Dr. Casey Calkins is our site’s PI in an NIH-sponsored study led by Vanderbilt University examining early versus late repair for
neonates with inguinal hernias, in what is known as the HIP study. Dr. Calkins is also a steering committee member of a
national registry of anorectal malformations (Pediatric Colorectal and Pelvic Learning Consortium). This multi-center
consortium will investigate variations in care of these patients that lead to optimal outcomes. PCPLC recently began a study
to investigate Patient and Parent Reported Outcome Measures (PROMs) of patients with colorectal disease.
Dr. Amy Wagner oversees the GOOD study, a large, multi-institutional study endorsed by the North American Fetal Therapy
Network examining the outcomes of early versus late delivery in prenatally diagnosed gastroschisis. The GOOD Study is
currently seeking funding from both the March of Dimes and the NIH. Additionally, she has a number of research projects
related to maternal-fetal care.
Dr. Keith Oldham is the PI of Children’s Hospital of Wisconsin’s Clinical Outcomes Registry (COR), which continues to collect
annual quality of life data from over 500 neonatal surgery patients. Dr. Oldham current research relates to optimize pediatric
surgical outcomes and improving global access to pediatric surgical care.
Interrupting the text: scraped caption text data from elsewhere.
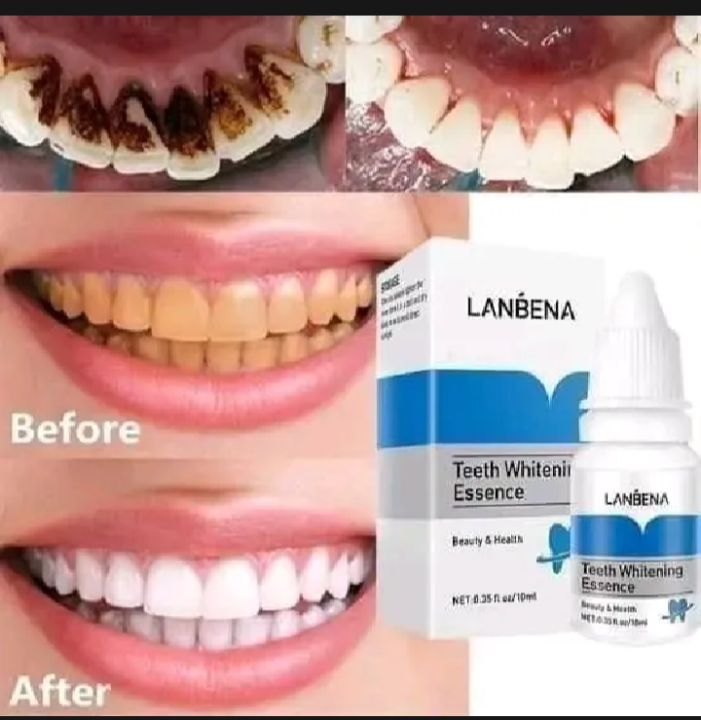 LANBENA%20%20Teeth%20%20whitening%20essence(%E0%A6%A6%E0%A6%BE%E0%A6%A4%20%E0%A6%B8%E0%A6%BE%E0%A6%A6%E0%A6%BE%20%E0%A6%95%E0%A6%B0%E0%A6%AC%E0%A7%87)%20%20original%20ptoduct%2010%20ml.%20-%20Image%203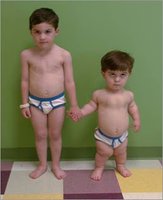 Pituitary dwarfism: hyposecretion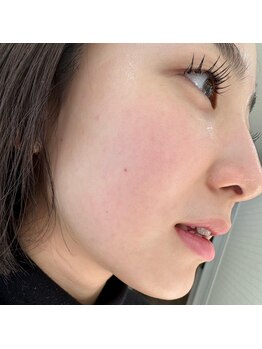 プリューム(Plume)/プラズマフェイシャル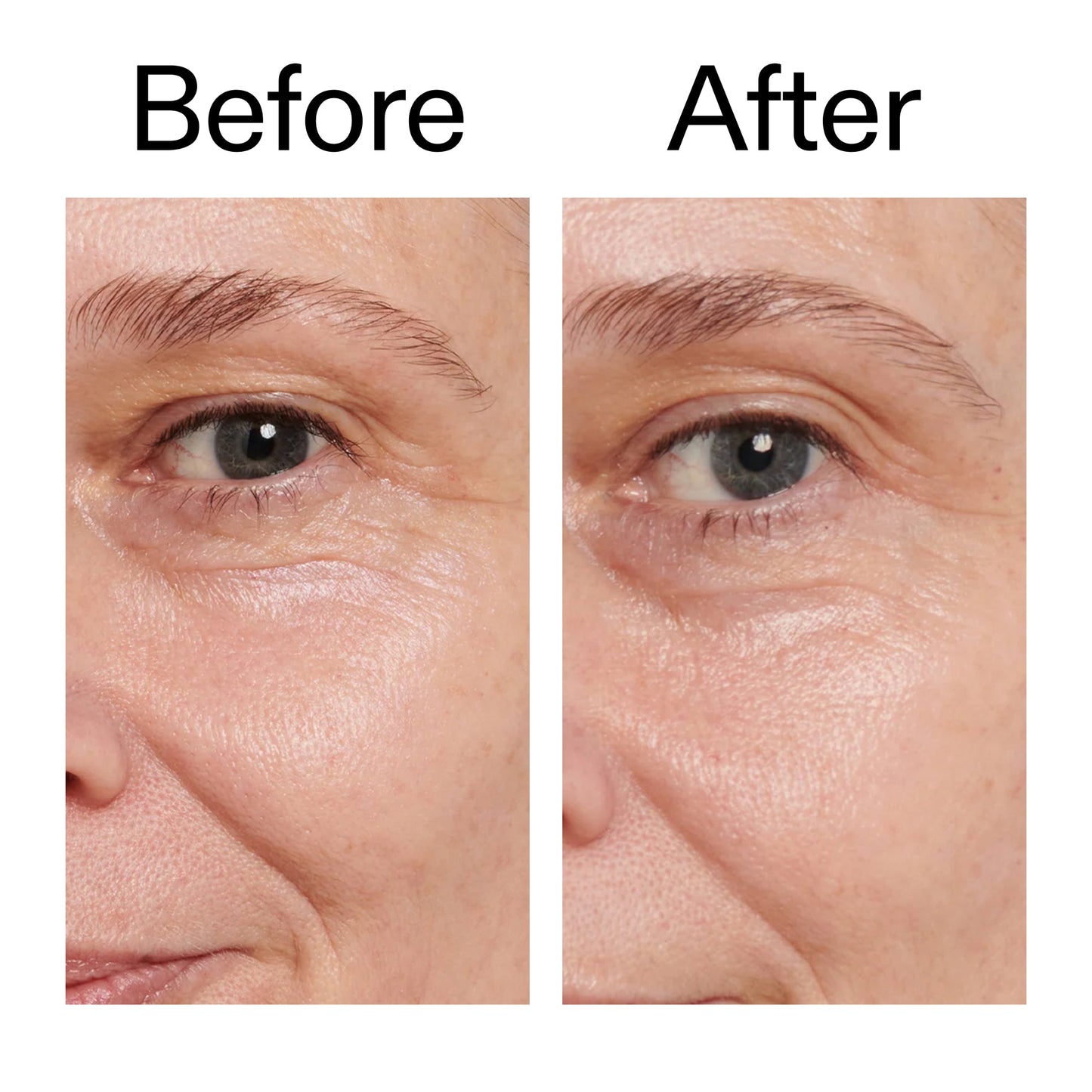retinol-eye-cream-j9 Retinol_Eye_Cream_Before_After_2000x2000_ac03a80c-109e-4572-a95a-91dc109b4d27.jpg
Dr. Sabina Siddiqui is the division’s global health liaison, studying surgical illness across the globe and a member of Global
Initiative of Children Surgery (GICS). Dr. Siddiqui is establishing partnerships to examine improvement is global surgical care.
Dr. Siddiqui is also a founding Board member (and Chief Medical Officer) of Brio Device LLC, a company who develops
technology to increase efficiency and effectiveness in airway management. Dr. Siddiqui is also examining the role of implicit
racial bias and its potential impact on patient care.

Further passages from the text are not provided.